**The records:**
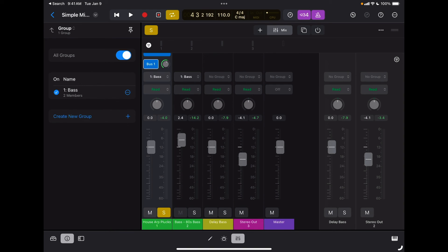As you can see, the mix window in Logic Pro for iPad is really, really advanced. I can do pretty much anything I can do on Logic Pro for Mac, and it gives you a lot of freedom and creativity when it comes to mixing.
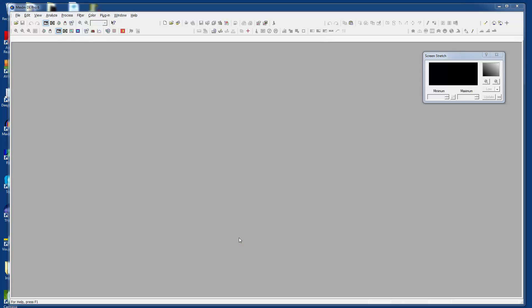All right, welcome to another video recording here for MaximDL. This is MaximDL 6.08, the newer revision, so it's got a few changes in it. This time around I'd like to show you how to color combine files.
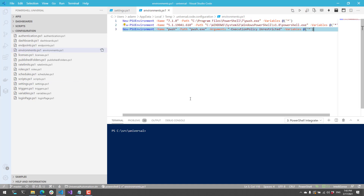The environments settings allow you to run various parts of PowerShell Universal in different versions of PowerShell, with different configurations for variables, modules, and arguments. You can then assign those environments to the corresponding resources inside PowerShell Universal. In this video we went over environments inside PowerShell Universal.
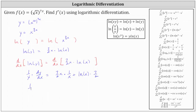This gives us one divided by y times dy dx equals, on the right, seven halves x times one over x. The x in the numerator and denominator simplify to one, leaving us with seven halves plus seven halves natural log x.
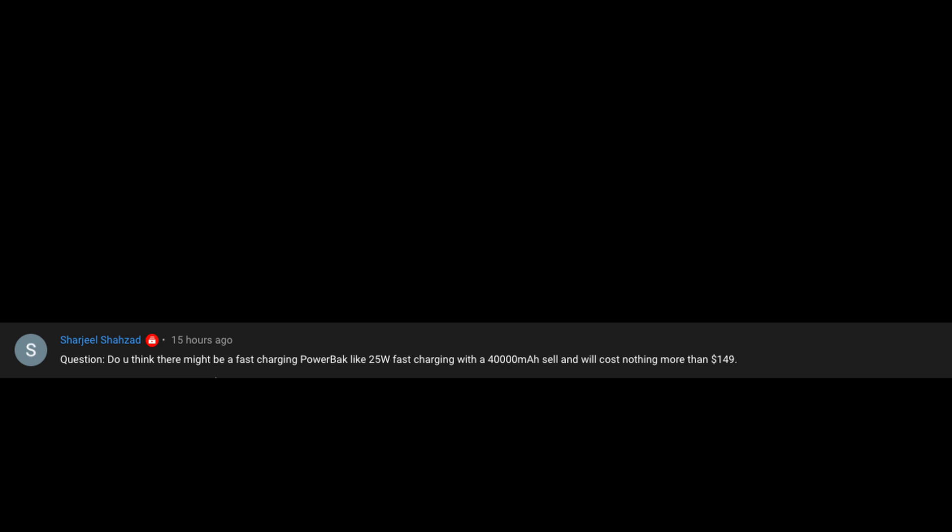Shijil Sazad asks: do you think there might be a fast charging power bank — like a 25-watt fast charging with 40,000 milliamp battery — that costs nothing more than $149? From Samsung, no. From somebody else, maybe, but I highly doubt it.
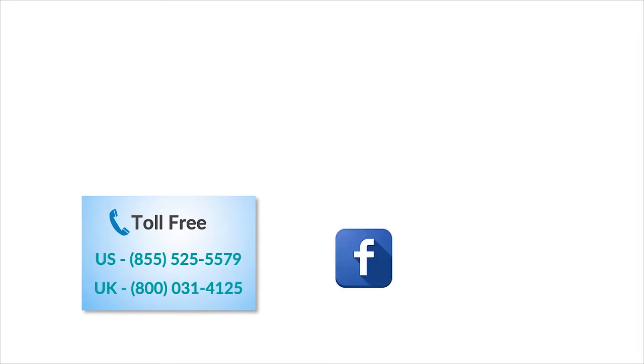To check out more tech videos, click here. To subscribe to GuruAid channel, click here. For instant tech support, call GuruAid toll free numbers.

==

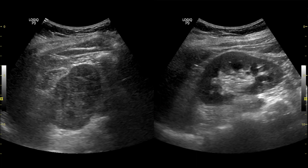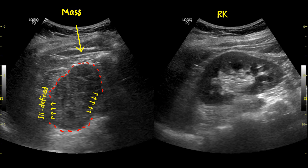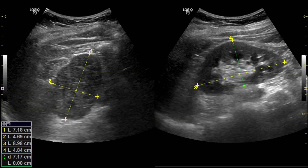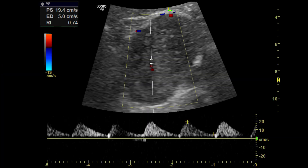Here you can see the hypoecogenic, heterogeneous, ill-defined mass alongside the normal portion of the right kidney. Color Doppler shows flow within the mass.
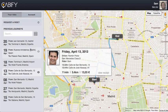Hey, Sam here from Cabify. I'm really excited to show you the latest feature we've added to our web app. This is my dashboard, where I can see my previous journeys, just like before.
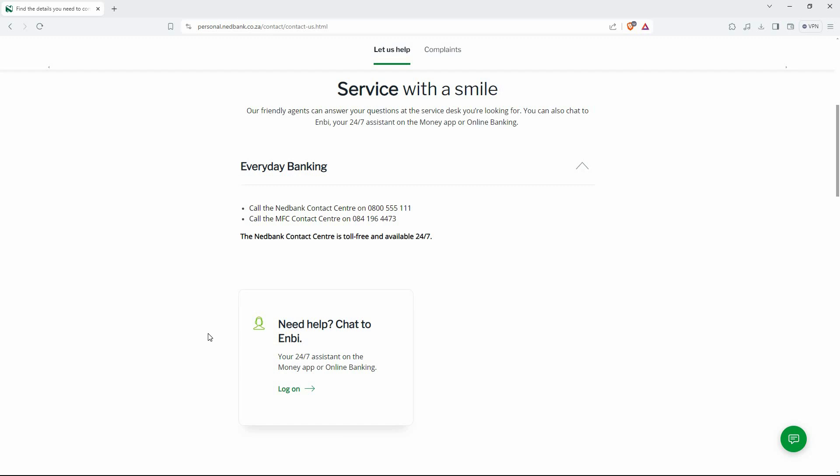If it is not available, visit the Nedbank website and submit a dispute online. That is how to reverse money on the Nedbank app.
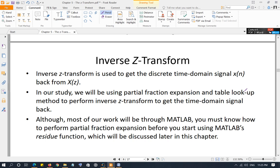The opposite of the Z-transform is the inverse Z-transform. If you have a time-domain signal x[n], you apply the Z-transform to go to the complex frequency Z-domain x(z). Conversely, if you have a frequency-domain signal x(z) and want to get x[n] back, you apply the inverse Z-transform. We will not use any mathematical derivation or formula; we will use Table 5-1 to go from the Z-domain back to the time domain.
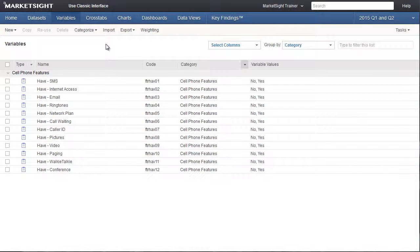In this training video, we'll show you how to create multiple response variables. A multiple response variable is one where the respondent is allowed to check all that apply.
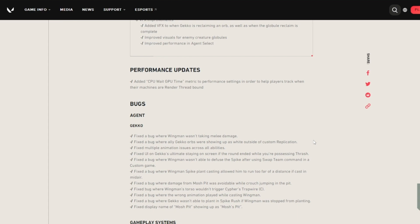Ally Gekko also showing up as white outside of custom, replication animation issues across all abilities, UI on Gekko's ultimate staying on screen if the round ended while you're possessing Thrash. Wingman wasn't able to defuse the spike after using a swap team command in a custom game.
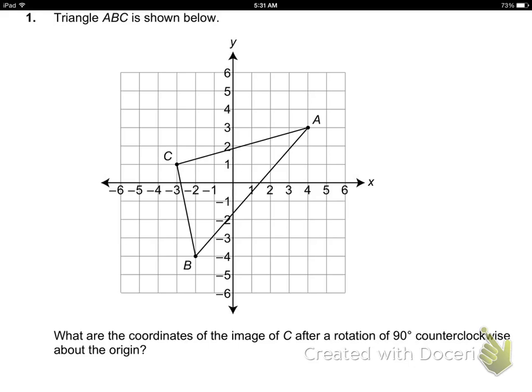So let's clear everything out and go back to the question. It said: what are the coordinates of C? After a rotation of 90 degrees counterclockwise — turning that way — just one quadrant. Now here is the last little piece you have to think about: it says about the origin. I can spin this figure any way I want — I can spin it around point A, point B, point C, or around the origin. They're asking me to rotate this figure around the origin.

**What you need to do:** The lines above from the line with "Ally Gekko also" through the line with "So let's clear" are to be given again word for word, with no pictures among them.

**Answer to this task:**
Ally Gekko also showing up as white outside of custom, replication animation issues across all abilities, UI on Gekko's ultimate staying on screen if the round ended while you're possessing Thrash. Wingman wasn't able to defuse the spike after using a swap team command in a custom game.
So let's clear everything out and go back to the question. It said: what are the coordinates of C? After a rotation of 90 degrees counterclockwise — turning that way — just one quadrant. Now here is the last little piece you have to think about: it says about the origin. I can spin this figure any way I want — I can spin it around point A, point B, point C, or around the origin. They're asking me to rotate this figure around the origin.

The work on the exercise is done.